Huyendo de los ardores de su carne desmadrada, de su mala leche y orgullo, se retiró el escritor al desierto, por ver si en la soledad recóndita de su jaima, allí, en el espejo de la arena cristalina, su yo más rebelde se calmara. Y mientras el escritor escribía, su yo desordenado parecía organizarse.
Y en un mismo acto, unificar quiere el hagiógrafo de realidades noveladas las dos potencialidades que dan sentido a su vida: el vivir y su conciencia. No hay nada como la palabra escrita para sentirme yo mismo –exclama. No entiendo la lectura y la escritura, sino como un acto de autenticidad y honradez conmigo mismo. Mi yo contingente y limitado es rescatado por el ejercicio diario de mi oficio. En el escribir nos auto-revelamos. En la vulgata de mi vulgar relato me descubro como ser indescifrable e inaudito.
No quiere el que escribe ser un mero contador de historias. Escribe para parecerse a los varones ilustres que describe, para librarse de sus estupideces, para encontrarse a sí mismo. Por medio de los personajes de sus relatos nos desvela sus propias emociones. Su yo no es su yo, si a sí mismo no se lo cuenta y escribe, mintiéndose por boca de terceros. Y así, entre su vocación por el silencio, la ficción y su necesidad por comunicare, reconstruye el escritor su ser literario, que no es otro que su verdadero yo. Pues como dijera Mallarmé, el escritor no es es sino el libro que escribe.
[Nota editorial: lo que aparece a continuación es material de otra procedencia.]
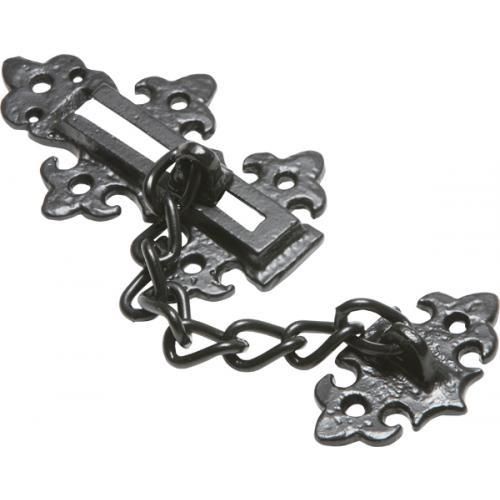 Kirkpatrick Tudor Door Chain - Black Antique - 123mm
Pero la escritura y su lectura, al tiempo que al escritor colmaban de autenticidad, bondad y conocimiento, también frustración y desatino le infligían. Y al comprobar el de Estridón que sus letras no se corresponden con lo que dentro de sí lleva, le invade la tristeza. El escritor es incapaz de plasmar en su libro las grandezas y bondades que imagina. Su escritura se queda corta, inconclusa, nunca logra relatar lo que él siente y piensa. Se siente fracasado como traductor, exégeta y retratista del mundo, de las criaturas, de las postrimerías, de sus sentimientos y hasta de las Sagradas Escrituras. Nunca su pluma canónica alcanzará la función semiótica para la que fue construida. Las ideas plasmadas en el papel no se corresponden con las ideas que él tiene en la cabeza. El ilustrado estudioso y lingüista se ve obligado a corregir constantemente sus textos, vuelve a escribir otras voces, otros giros, por considerar inapropiado e inexacto todo lo que a sus lectores cuenta. El abismo entre la formalidad, la gramática de sus escritos y su significado es insalvable. Piensa que la escritura, (tal como dijera Sócrates en el Fedro de Platón), es inhumana. Imposible poner fuera de la mente lo que sólo cabe dentro de su cerebro.
Las emociones son intraducibles, intransferibles. Su palabra interior no encuentra imagen alguna en la que proyectarse. Jamás podrá poner por escrito su dolor ante la ingratitud de un verbo intransitivo, la reprimenda de un sustantivo amigo, nunca podrá formular en una simple oración enunciativa la dulzura que encierra la soledad de su gruta, que cual brisa sobre la duna, suave se inclina ante su alma. Mis palabras, -dice-, a lo más que llegan es a escribir el silencio.
Bellísimo, Juan, con qué precisión describes lo que parece indescriptible: el sentimiento profundo que no llega (no puede) conectar con plenitud al pensamiento, con su consiguiente in-capacidad de definirlo. Gracias.